(Before It's News)
HIGHTIMES
Conceptually, cannabis and global warming share a few things in common. Both have been the subject of controversy for decades, polarizing everyone from politicians of the same party to members of the same family. Also, both have been distorted by those with a political agenda, whether it’s the supposed dangers of pot or the scientific consensus surrounding climate change.
And that’s where another interesting commonality emerges, because the cannabis plant — specifically, the durable fiber called hemp that it produces — may well prove to be an essential resource for combating global warming.
Climate Change 101
To buy into the premise of this article, you have to accept the reality of anthropogenic or man-made climate change. Not everyone is willing to do this: A March 2014 Gallup Poll found that while 65 percent of Americans believe that the effects of global warming will either happen or are happening in their lifetime, only 36 percent think that this poses a serious threat.
And as noted by Think Progress, as many as 163 current members of Congress — who have collectively received nearly $60 million in campaign contributions from the fossil-fuel industry — deny the realities of climate change.
But for scientists, the consensus is decidedly different. An analysis by ex-National Science Board member Jim Powell revealed that out of approximately 14,000 peer-reviewed abstracts on climate change from 1991 to 2012, only 24 rejected the reality of global warming.
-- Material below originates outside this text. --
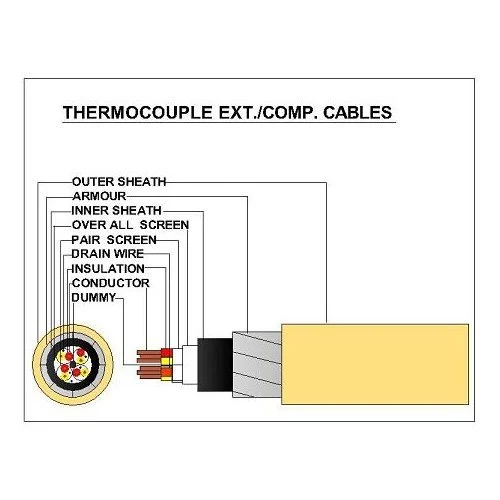 Thermocouple extension / compensating cables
According to the United Nations’ Intergovernmental Panel on Climate Change (IPCC) in its report Climate Change 2013: The Physical Science Basis, the fact of global warming is unequivocal, and many of the changes to the climate observed since the 1950s are literally unprecedented over the course of decades or even millennia.
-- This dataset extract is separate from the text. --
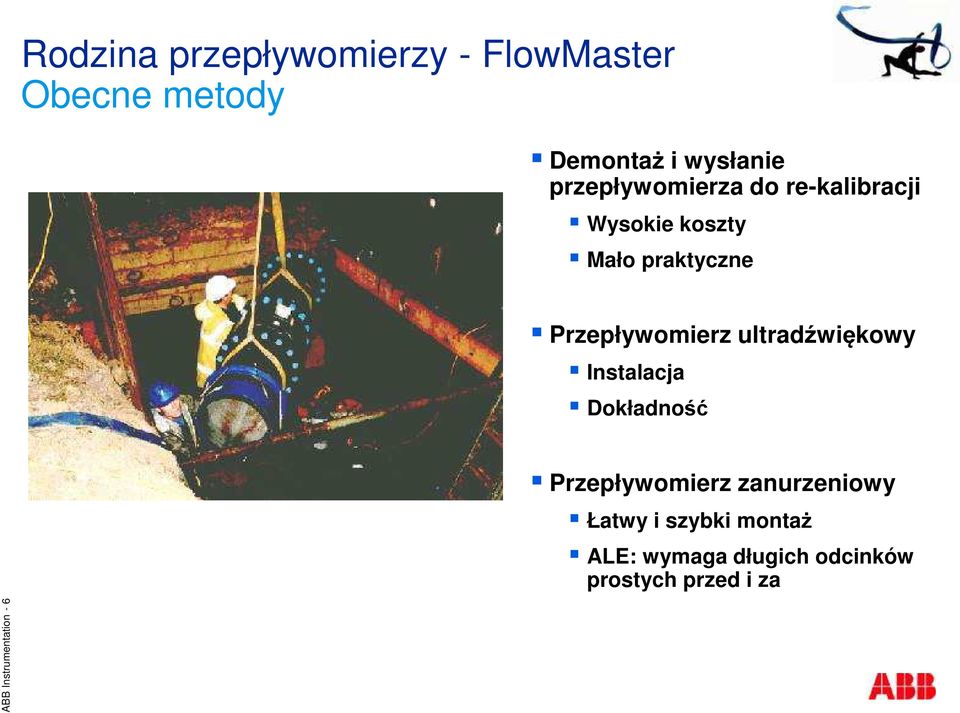 Przepływomierz ultradźwiękowy Instalacja Dokładność Przepływomierz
Each of the last three decades has brought successively warmer temperatures at the planet’s surface than any preceding decade since 1850. In the Northern Hemisphere, the years from 1983 to 2012 were likely the warmest 30-year period in at least the last 1,400 years. Since the early 20th century, Earth’s air and sea-surface temperatures have risen 1.4°F, with two-thirds of that increase taking place since 1980.